Ein kleiner Kritikpunkt sind Schwächen in der Übersetzung bzw. im Ausdruck. Was will der Autor sagen, wenn es z.B. heißt, dass Talente einen „logistischen Nutzen“ (S. 36) haben oder dass die „neue Generation von Dienstarchitekten“ sich um „nonkonformistische Ideologien“ (S. 88) dreht? Die Formulierungen, dass unser Herr „von Herrlichkeit zu Hörigkeit“ (S. 64) herabstieg oder dass der Prophet Jeremia Gottes „Mundstück“ (S. 67) ist, sind irreführend. Stellenweise ist die Übersetzung etwas salopp und wirkt befremdend, z.B. wenn der Leiter „seine Pappenheimer“ (S. 87) kennt oder die selbsternannten evangelikalen Leiter etwas „verzapfen“ (S. 94).

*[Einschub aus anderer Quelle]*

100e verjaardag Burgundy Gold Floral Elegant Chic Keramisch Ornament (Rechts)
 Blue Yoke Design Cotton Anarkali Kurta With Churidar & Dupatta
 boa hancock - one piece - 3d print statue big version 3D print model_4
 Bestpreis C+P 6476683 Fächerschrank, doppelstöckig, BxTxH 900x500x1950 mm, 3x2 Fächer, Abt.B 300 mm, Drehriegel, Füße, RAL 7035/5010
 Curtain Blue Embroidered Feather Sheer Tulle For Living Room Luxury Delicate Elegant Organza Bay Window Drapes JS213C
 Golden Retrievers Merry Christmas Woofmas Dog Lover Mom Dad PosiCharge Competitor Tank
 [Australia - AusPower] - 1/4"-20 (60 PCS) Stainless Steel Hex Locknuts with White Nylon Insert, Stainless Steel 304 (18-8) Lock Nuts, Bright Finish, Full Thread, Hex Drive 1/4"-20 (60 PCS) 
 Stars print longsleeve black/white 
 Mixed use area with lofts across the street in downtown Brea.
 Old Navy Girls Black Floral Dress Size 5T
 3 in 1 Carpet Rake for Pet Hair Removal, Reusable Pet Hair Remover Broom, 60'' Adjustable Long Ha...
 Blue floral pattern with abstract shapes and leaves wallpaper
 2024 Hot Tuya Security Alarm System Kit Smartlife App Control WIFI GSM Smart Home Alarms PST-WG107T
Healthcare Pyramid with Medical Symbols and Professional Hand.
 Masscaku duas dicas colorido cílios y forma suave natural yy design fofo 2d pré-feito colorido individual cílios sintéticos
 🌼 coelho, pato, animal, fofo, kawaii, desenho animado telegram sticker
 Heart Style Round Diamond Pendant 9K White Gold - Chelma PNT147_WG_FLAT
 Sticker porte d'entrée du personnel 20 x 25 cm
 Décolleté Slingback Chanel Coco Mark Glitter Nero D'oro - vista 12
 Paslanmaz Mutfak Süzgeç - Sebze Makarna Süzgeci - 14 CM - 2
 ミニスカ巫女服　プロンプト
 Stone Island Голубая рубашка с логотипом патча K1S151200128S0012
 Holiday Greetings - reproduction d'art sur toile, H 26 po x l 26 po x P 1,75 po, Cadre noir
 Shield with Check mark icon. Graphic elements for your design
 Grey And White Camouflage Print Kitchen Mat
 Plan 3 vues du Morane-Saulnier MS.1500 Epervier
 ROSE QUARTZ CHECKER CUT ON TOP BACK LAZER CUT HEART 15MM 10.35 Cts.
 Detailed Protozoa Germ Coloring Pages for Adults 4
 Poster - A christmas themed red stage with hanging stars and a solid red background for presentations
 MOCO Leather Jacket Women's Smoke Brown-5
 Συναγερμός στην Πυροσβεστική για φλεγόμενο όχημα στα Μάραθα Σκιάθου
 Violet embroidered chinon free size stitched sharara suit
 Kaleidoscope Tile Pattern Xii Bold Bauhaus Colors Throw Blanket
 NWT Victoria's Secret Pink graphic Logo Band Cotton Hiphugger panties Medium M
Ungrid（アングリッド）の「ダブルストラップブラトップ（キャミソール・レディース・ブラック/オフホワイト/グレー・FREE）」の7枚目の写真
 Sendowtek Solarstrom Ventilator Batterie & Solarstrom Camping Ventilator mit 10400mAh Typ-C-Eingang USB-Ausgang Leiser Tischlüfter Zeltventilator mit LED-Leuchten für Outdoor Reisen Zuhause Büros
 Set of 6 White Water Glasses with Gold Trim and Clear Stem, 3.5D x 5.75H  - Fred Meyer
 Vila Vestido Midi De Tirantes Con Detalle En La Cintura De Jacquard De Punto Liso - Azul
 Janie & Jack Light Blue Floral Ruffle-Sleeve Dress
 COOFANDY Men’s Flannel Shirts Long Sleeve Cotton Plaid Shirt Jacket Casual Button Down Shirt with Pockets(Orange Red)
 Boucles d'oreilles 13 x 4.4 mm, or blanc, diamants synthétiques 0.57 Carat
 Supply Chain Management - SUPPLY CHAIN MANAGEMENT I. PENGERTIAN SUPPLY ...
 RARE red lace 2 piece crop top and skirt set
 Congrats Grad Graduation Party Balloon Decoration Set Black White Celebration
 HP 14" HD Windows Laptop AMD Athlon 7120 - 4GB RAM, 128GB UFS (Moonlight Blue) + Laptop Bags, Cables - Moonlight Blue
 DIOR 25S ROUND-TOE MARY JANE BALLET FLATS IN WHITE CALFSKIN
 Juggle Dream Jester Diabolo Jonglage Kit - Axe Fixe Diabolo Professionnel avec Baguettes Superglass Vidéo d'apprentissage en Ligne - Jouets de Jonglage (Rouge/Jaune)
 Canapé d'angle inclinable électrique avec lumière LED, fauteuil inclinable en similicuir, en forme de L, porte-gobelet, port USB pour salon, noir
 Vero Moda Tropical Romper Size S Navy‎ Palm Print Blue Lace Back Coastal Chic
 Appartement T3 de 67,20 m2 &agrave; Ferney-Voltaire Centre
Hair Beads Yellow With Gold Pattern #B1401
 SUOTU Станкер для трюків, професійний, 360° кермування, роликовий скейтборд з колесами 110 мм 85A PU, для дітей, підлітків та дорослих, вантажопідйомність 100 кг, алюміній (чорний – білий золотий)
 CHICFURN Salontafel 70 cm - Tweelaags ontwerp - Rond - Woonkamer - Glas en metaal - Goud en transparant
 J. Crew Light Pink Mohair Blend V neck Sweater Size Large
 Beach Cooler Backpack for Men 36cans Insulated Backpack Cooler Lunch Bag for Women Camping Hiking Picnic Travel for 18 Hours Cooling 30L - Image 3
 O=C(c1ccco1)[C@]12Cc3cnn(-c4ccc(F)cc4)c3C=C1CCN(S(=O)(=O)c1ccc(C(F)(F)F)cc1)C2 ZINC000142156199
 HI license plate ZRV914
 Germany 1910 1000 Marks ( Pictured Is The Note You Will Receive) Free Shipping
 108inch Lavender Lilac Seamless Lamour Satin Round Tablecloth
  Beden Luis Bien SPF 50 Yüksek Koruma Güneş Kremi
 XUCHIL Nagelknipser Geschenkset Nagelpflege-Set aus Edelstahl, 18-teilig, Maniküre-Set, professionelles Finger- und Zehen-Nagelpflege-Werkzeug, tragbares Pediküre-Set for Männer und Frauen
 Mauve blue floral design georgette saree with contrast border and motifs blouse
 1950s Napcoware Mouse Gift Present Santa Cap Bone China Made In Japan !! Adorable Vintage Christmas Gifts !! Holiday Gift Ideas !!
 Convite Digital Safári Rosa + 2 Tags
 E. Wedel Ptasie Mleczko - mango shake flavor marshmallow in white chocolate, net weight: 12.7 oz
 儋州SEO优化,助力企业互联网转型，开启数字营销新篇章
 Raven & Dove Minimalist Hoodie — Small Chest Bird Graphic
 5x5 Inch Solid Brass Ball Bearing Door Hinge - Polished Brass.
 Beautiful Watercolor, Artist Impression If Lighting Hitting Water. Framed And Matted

Wragg führt immer wieder pauschale Kritik an der jungen Generation von Leitern an. Er stellt z.B. fest: „Leider haben wir es mit einer Generation von neuen Leitern zu tun, die glauben, dass Einfluss von menschlichen Innovationen und Kunstgriffen abhängt. Sie sind zu dem Schluss gelangt, dass Gottes Wort irgendwie einige der wichtigsten Schlüssel für die dynamische Leiterschaft ausgelassen hat“ (S. 27). Er wirft ihnen vor: „Viele der jungen evangelikalen Leiter von heute sind nicht das Produkt der Tugenden, die zur Heiligung beitragen, sondern der Besessenheit unserer Kultur von schamloser Sinnlichkeit“ (S. 40). Seine Kritik ist von der Gemeindewachstumsbewegung und der Emerging Church her zu verstehen und sicher in zahlreichen Fällen berechtigt. Doch wenn er pauschal über die junge Generation von Leitern urteilt und polemisch feststellt „Willkommen in der hirnrissigen Welt des postevangelikalen Gemeindelebens!“ (S. 39), bekommt seine Kritik einen Beigeschmack. Paulus fordert von einem Leiter, dass er trotz klarer Überzeugung „freundlich gegen jedermann“ (2Tim 2,24–26) sein soll. Wragg geht in seiner Kritik an jungen Evangelikalen so weit, dass er urteilt, dass sich die heutige Zeit „als die am meisten umkämpfte Gemeindeepoche bezüglich des Dienstes am Evangelium erweisen wird“ (S. 94). Ein Blick in die Kirchengeschichte lässt den Leser an dieser Einschätzung zweifeln. Die heutige Situation stellt Leiter sicher vor große Herausforderungen, aber sie bietet im Vergleich zu anderen Epochen gleichzeitig viele Chancen für die Verkündigung des Evangeliums. Wragg widerspricht mit seiner pessimistischen Sichtweise seiner eigenen Anforderung, dass Leiter hoffnungsvoll und optimistisch sein sollen (Vgl. S. 249). Das Evangelium bildet eine gute Grundlage dafür. Wir dürfen Gottes Souveränität vertrauen.

Hoffnung für Leiter

Insgesamt vermittelt das Buch von Wragg aber durch den klaren Fokus auf das Wort Gottes Hoffnung für jeden, der als Leiter tätig ist. Es enthält wertvolle Lektionen für aktuelle und zukünftige Älteste. Es zeichnet sich durch die langjährige Erfahrung des Autors aus, die sich in anschaulichen Beispielen und zahlreichen praktischen Hinweisen zeigt. Es ermutigt, das Vertrauen selbst in Krisen und Konflikten auf Gott und sein Wort zu setzen.

Buch

Jerry Wragg. Tapfere Gemeindemänner. Wie Leiter leben und lehren, so dass andere ihnen nachfolgen. EBTC, 2019, 280 S. 14,90 €.